== Available data

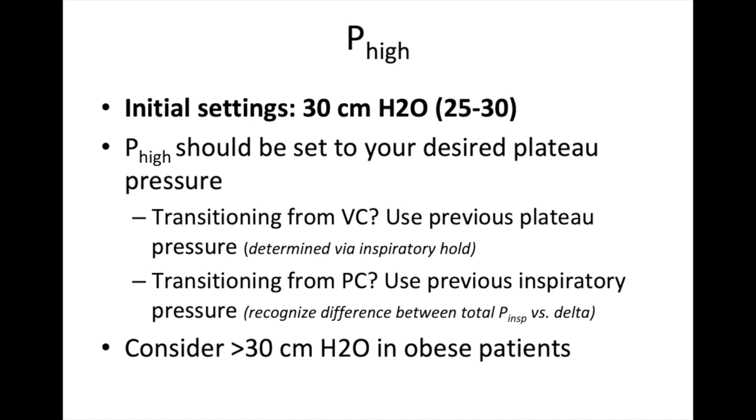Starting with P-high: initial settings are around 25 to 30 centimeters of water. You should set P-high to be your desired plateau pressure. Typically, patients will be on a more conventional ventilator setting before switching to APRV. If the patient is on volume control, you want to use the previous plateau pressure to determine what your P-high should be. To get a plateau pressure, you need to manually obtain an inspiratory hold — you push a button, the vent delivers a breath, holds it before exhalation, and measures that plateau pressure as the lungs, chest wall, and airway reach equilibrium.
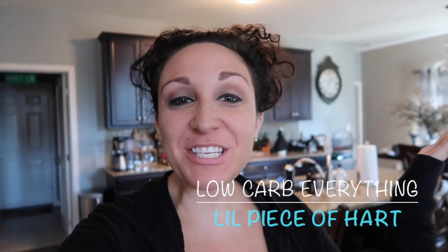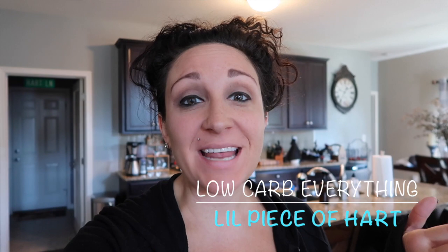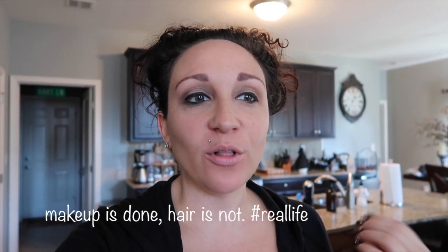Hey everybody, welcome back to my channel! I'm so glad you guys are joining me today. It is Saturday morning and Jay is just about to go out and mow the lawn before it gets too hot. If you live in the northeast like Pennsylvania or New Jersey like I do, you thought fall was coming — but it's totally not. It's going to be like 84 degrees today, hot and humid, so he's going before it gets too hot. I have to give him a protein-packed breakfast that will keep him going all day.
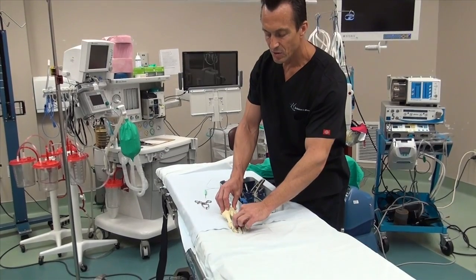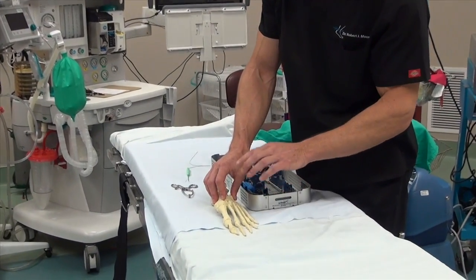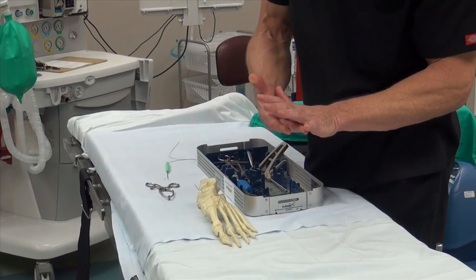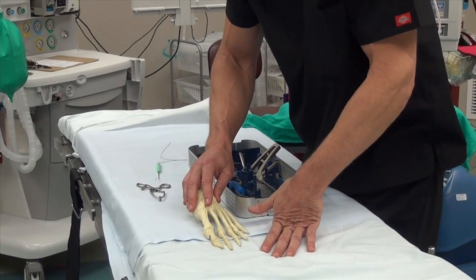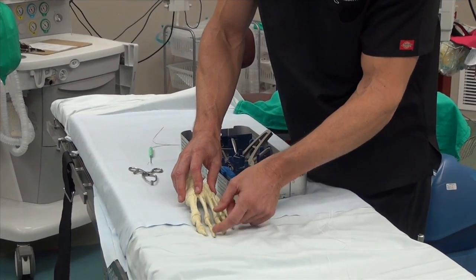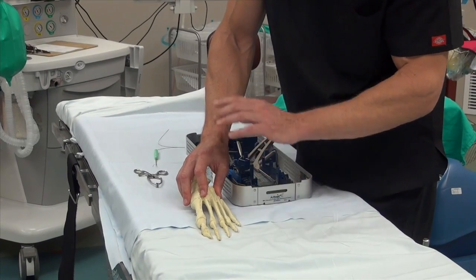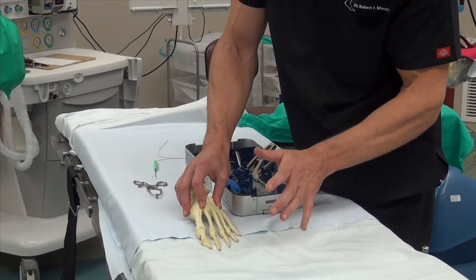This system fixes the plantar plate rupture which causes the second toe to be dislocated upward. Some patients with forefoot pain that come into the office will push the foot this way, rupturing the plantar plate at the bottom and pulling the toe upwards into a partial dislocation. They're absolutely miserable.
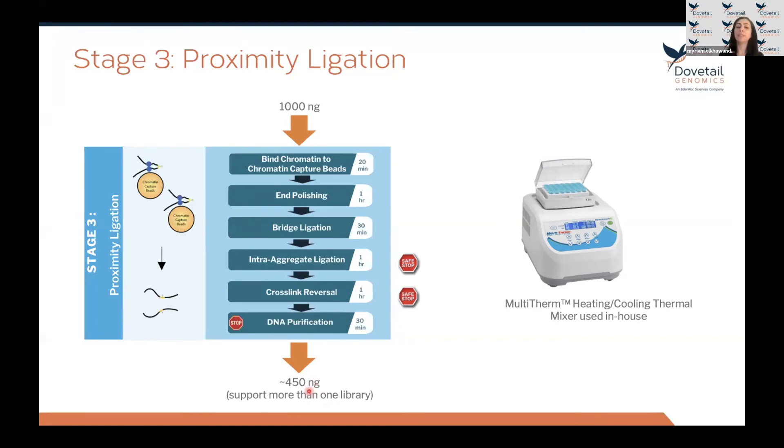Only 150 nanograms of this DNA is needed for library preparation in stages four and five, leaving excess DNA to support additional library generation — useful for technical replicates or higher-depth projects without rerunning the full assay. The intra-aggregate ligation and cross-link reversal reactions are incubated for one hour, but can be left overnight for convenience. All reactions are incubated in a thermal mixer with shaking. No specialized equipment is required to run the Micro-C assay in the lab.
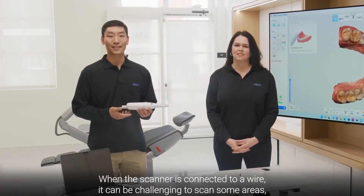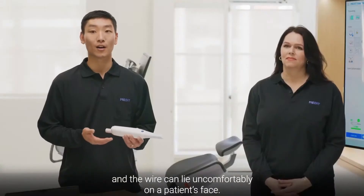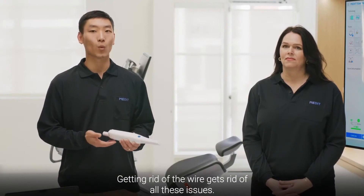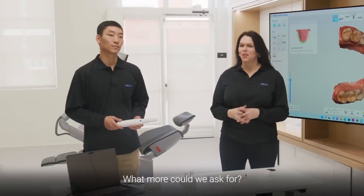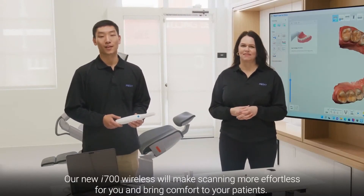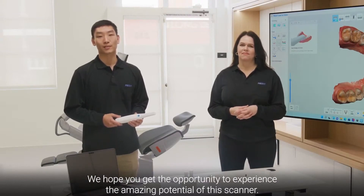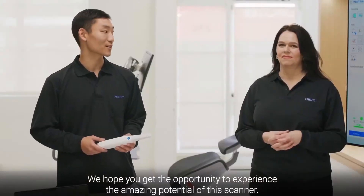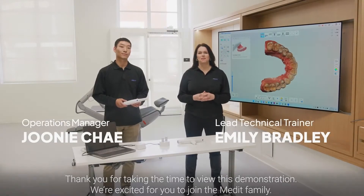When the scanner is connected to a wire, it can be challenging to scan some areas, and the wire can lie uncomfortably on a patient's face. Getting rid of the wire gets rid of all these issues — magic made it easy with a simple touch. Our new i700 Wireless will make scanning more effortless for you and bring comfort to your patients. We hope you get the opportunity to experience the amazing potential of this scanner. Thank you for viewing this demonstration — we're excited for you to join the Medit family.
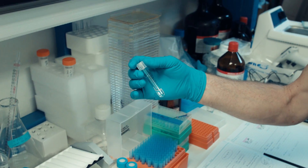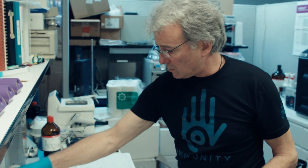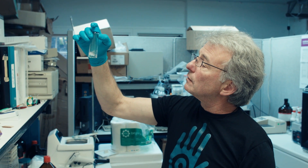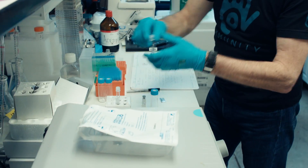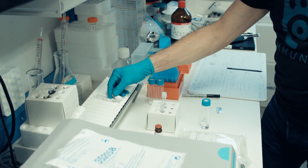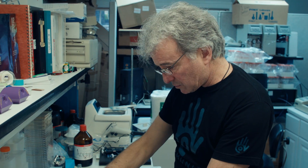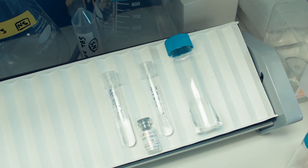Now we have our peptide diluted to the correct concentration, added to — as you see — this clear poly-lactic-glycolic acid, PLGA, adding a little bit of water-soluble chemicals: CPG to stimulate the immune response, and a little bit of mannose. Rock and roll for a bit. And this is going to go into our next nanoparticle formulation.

====

For this exercise, return every entry verbatim and omit all pictures.

Starting with P-high: initial settings are around 25 to 30 centimeters of water. You should set P-high to be your desired plateau pressure. Typically, patients will be on a more conventional ventilator setting before switching to APRV. If the patient is on volume control, you want to use the previous plateau pressure to determine what your P-high should be. To get a plateau pressure, you need to manually obtain an inspiratory hold — you push a button, the vent delivers a breath, holds it before exhalation, and measures that plateau pressure as the lungs, chest wall, and airway reach equilibrium.
Hey everybody, welcome back to my channel! I'm so glad you guys are joining me today. It is Saturday morning and Jay is just about to go out and mow the lawn before it gets too hot. If you live in the northeast like Pennsylvania or New Jersey like I do, you thought fall was coming — but it's totally not. It's going to be like 84 degrees today, hot and humid, so he's going before it gets too hot. I have to give him a protein-packed breakfast that will keep him going all day.
This system fixes the plantar plate rupture which causes the second toe to be dislocated upward. Some patients with forefoot pain that come into the office will push the foot this way, rupturing the plantar plate at the bottom and pulling the toe upwards into a partial dislocation. They're absolutely miserable.
Only 150 nanograms of this DNA is needed for library preparation in stages four and five, leaving excess DNA to support additional library generation — useful for technical replicates or higher-depth projects without rerunning the full assay. The intra-aggregate ligation and cross-link reversal reactions are incubated for one hour, but can be left overnight for convenience. All reactions are incubated in a thermal mixer with shaking. No specialized equipment is required to run the Micro-C assay in the lab.
When the scanner is connected to a wire, it can be challenging to scan some areas, and the wire can lie uncomfortably on a patient's face. Getting rid of the wire gets rid of all these issues — magic made it easy with a simple touch. Our new i700 Wireless will make scanning more effortless for you and bring comfort to your patients. We hope you get the opportunity to experience the amazing potential of this scanner. Thank you for viewing this demonstration — we're excited for you to join the Medit family.
Now we have our peptide diluted to the correct concentration, added to — as you see — this clear poly-lactic-glycolic acid, PLGA, adding a little bit of water-soluble chemicals: CPG to stimulate the immune response, and a little bit of mannose. Rock and roll for a bit. And this is going to go into our next nanoparticle formulation.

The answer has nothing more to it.